La verità è che non ho paura del giudizio altrui, perché ormai ho imparato che non ne vale la pena. La mia ansia è dovuta all'uomo al mio fianco che è riuscito inconsciamente a trasmettermi tale sentimento nei giorni successivi alla sua richiesta di partecipazione a questa ennesima immensa falsità in cui nuotiamo entrambi da quando abbiamo memoria.

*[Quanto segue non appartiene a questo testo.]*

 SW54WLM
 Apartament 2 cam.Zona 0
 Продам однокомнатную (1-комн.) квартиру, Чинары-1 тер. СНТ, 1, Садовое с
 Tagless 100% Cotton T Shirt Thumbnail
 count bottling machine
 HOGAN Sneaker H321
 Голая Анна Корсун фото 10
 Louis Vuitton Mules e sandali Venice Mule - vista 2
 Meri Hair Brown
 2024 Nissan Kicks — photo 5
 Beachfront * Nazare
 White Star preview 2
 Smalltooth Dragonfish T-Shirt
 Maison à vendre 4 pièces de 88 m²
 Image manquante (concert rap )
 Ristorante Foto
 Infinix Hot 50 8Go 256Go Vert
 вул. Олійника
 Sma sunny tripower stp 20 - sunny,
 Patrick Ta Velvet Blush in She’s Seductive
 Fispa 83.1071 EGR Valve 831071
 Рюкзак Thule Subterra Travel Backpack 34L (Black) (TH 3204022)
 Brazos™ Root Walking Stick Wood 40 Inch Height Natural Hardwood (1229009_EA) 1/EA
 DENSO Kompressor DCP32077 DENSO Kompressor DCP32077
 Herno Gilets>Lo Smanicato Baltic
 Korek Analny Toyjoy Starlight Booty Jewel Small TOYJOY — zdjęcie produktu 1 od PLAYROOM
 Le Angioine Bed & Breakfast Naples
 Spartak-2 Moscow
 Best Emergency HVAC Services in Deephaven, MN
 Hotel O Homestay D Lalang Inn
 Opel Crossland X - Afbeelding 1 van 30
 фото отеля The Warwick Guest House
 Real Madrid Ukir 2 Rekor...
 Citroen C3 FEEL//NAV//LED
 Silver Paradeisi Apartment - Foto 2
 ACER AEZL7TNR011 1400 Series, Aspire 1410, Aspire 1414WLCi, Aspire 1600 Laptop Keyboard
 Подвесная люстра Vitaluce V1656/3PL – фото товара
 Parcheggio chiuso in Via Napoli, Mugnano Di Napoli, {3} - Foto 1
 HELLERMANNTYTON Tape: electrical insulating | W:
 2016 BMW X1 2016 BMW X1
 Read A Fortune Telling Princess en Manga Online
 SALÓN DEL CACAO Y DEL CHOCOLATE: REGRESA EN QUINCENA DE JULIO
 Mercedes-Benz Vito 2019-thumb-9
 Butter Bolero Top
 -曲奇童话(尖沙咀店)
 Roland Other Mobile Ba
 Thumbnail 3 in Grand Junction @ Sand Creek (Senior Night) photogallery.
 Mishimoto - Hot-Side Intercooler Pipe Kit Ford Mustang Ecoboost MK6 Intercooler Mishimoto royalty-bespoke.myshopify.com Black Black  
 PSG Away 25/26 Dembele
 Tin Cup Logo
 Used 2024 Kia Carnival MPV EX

Odiamo entrambi queste cose, eppure ci ritroviamo sempre in mezzo a queste situazioni.

Siamo tesi, ma siamo qui insieme. Io sono qui perché per una volta non sono io a dover dimostrare qualcosa a qualcuno ma per sostenere la versione di me più profonda e così diversa da essere dannatamente simile.

Mi volto appena oltre le nostre spalle riprendendo a respirare quando incontro gli occhi dolci e attenti della mia migliore amica che sono già pronti a farmi naufragare nel suo sguardo accogliente, nelle sue acque calme e cullanti.

È la mia àncora e sempre lo sarà, indipendentemente dagli uomini che avremo.

Sposto appena lo sguardo per incontrare i profondi lapislazzuli di Andrew intenti invece ad analizzare la stanza con estrema tranquillità.